Breaking Federated Learning’s Code
For the initiative, which focused on renal cell carcinoma, a kind of kidney cancer, data from around fifty medical imaging investigations were submitted by each of the six collaborating medical institutes. An initial global model transmits model parameters to client servers in a Federated learning architecture. These parameters are used by each server to configure a localized version of the model that has been trained using the company’s confidential data.
Subsequently, the global model receives updated parameters from each of the local models, which are combined to create a new global model. Until the model’s predictions no longer become better with each training round, the cycle is repeated. In order to optimize for training speed, accuracy, and the quantity of imaging studies needed to train the model to the requisite degree of precision, the team experimented with model topologies and hyperparameters.

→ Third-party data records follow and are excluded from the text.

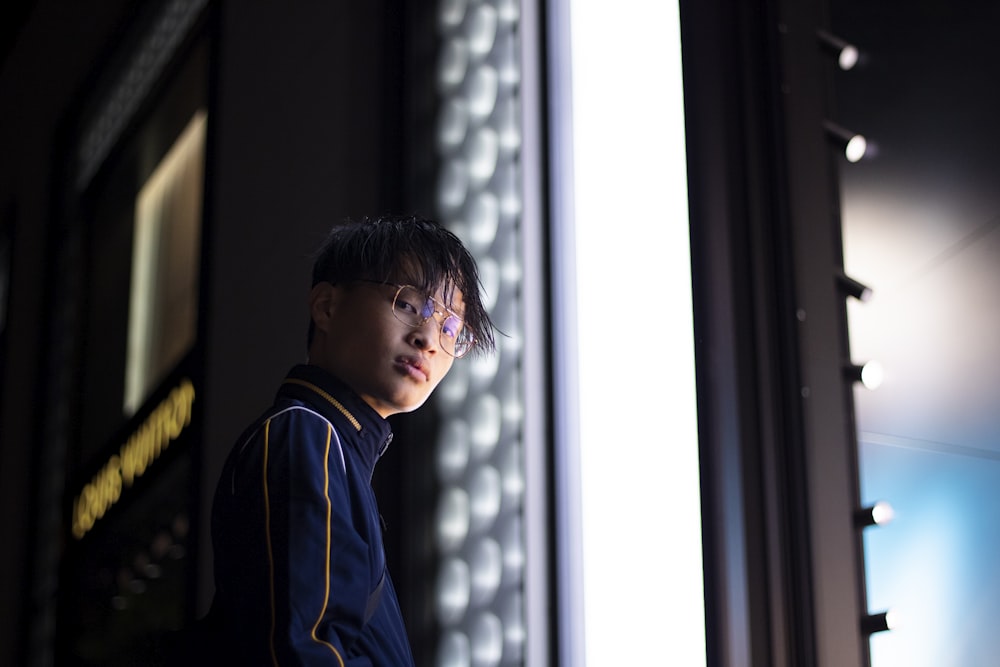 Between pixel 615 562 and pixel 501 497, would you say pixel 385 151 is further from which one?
pixel 615 562

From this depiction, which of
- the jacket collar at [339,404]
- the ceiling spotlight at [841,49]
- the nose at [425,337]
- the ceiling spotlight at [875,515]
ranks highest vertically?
the ceiling spotlight at [841,49]

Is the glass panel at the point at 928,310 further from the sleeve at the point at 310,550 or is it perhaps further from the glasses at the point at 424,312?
the sleeve at the point at 310,550

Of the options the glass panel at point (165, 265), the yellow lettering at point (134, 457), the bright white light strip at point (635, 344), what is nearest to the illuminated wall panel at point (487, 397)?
the bright white light strip at point (635, 344)

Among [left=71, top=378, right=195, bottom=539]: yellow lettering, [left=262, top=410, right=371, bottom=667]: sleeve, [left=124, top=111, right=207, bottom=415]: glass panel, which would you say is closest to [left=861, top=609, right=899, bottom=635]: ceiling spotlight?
[left=262, top=410, right=371, bottom=667]: sleeve

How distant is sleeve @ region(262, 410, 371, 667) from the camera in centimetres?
114

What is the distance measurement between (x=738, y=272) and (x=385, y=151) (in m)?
1.00

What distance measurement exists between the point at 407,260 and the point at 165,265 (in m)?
2.82

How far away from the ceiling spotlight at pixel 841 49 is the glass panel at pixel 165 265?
2.31 m

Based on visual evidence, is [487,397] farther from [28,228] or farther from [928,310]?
[28,228]

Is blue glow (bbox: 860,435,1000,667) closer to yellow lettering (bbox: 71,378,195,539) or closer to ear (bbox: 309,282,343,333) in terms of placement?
ear (bbox: 309,282,343,333)

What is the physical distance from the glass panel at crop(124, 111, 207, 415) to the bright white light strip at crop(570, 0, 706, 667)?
1955 millimetres

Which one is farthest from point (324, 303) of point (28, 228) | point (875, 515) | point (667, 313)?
point (28, 228)

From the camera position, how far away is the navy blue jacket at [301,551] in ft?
3.76

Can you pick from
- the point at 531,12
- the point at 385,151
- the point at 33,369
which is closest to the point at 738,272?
the point at 531,12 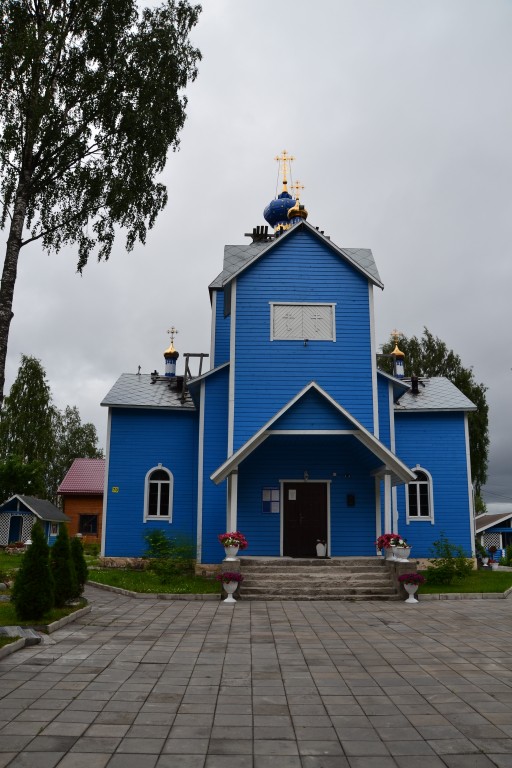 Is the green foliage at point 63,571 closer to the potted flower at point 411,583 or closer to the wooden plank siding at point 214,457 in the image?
the wooden plank siding at point 214,457

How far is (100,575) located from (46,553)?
260 inches

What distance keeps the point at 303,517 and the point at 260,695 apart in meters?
10.0

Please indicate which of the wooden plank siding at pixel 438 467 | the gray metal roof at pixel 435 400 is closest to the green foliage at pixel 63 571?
the wooden plank siding at pixel 438 467

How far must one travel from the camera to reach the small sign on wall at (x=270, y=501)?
1557 cm

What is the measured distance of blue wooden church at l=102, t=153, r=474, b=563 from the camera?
15.4 meters

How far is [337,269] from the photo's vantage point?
54.0 ft

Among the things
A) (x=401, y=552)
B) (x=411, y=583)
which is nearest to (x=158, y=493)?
(x=401, y=552)

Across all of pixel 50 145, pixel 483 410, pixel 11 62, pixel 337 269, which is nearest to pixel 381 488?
pixel 337 269

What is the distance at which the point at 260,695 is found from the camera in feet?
18.5

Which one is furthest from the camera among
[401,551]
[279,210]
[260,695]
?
[279,210]

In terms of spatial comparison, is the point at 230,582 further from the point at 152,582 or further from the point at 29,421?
the point at 29,421

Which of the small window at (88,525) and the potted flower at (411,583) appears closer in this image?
the potted flower at (411,583)

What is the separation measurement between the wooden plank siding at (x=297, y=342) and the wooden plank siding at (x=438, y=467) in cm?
363

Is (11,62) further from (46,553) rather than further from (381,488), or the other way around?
(381,488) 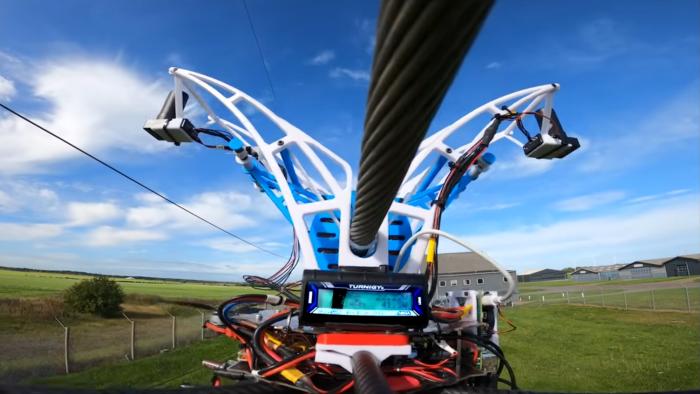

NVIDIA MONAI-Assisted AI-Assisted Annotation
The model’s training set was manually labeled during the project’s first phase. The team’s next step is using NVIDIA MONAI for AI-assisted annotation to assess the performance of the model with training data segmented using AI vs conventional annotation techniques.
“Federated learning activities are most difficult when data is not homogeneous across places. Individuals just label their data differently, utilize various imaging equipment, and follow different processes, according to Garrett. “It’s aim to determine whether adding MONAI to the Federated learning model during its second training improves overall annotation accuracy.”
The group is making use of MONAI Label, an image-labeling tool that cuts down on the time and effort required to produce new datasets by allowing users to design unique AI annotation applications. Prior to being utilized for model training, the segmentations produced by AI will be verified and improved by experts. Flywheel, a top medical imaging data and AI platform that has included NVIDIA MONAI into its services, hosts the data for both the human and AI-assisted annotation stages.
NVIDIA FLARE
The open-source, flexible, and domain-neutral NVIDIA Federated Learning Application Runtime Environment (NVIDIA FLARE) SDK is designed for Federated learning. Platform developers may use it to provide a safe, private solution for a dispersed multi-party cooperation, and academics and data scientists can modify current ML/DL process to a federated paradigm.
Maintaining Privacy in Multi-Party Collaboration
Create and verify more precise and broadly applicable AI models from a variety of data sources while reducing the possibility that data security and privacy may be jeopardized by including privacy-preserving algorithms and workflow techniques.
Quicken Research on AI
enables data scientists and researchers to modify the current ML/DL process (PyTorch, RAPIDS, Nemo, TensorFlow) to fit into a Federated learning model.
Open-Source Structure
A general-purpose, cross-domain Federated learning SDK with the goal of establishing a data science, research, and developer community.